De repente lembrei-me que era nas treze pessoas, presas debaixo dos escombros, todas da mesma família, a família al-Shu'bi, que eu devia estar a pensar. Senti-me bastante envergonhada.
Limpei, com as costas da mão, o nariz e as lágrimas que me caíam pela cara abaixo, e voltei a sentar-me no sofá da sala de estar para ver o resto do noticiário.
O Exército Israelita tinha demolido um total de quatrocentas e vinte aldeias palestinianas; Saris, Bayt Jibrin, Bayt Nattif, 'Allar, Qalunya, al-Walaja, 'Emoas... bem como o bairro de al-Manshyyeh em Jafa, o bairro marroquino na zona antiga de Jerusalém, centenas de casas «clandestinas» na zona leste de Jerusalém, dezenas de casas em Khan Younis, centenas de milhares de oliveiras e palmeiras, agora o bairro al-yasmineh em Nablus e amanhã, quem sabe, o centro histórico da cidade de Hebron.
Sharon, estás a trazer-nos à memória os nossos piores pesadelos.» págs.77 a 79
O quotidiano e as recordações de uma arquitecta e professora universitária palestiniana durante a ocupação israelita ou como, por mais telejornais que vejamos, a nossa compreensão do que se passa não chega a traduzir-se numa compreensão efectiva do que realmente significa viver naquelas circunstâncias.
Sharon e a minha sogra, de Suad Amiry (trad.
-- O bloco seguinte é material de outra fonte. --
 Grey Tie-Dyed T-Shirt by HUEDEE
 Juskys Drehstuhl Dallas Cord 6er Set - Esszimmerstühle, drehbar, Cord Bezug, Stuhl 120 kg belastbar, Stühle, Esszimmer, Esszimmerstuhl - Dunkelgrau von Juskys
Sofia Slotboom), da Ambar, Setembro 2004, 119 págs., pvp: 10,82€. Capa da edição italiana, na Giangiacomo Feltrinelli Editore, muito semelhante à da edição portuguesa.
Uma das escolhas do ano para Cláudia Silva, colega de profissão e (espera-se) futura colaboradora regular do pilha, este "Sharon e a minha sogra" é um diário de guerra contado na primeira pessoa, ao mesmo tempo que nos deparamos com as cicatrizes que marcam aquela região há já tantos anos.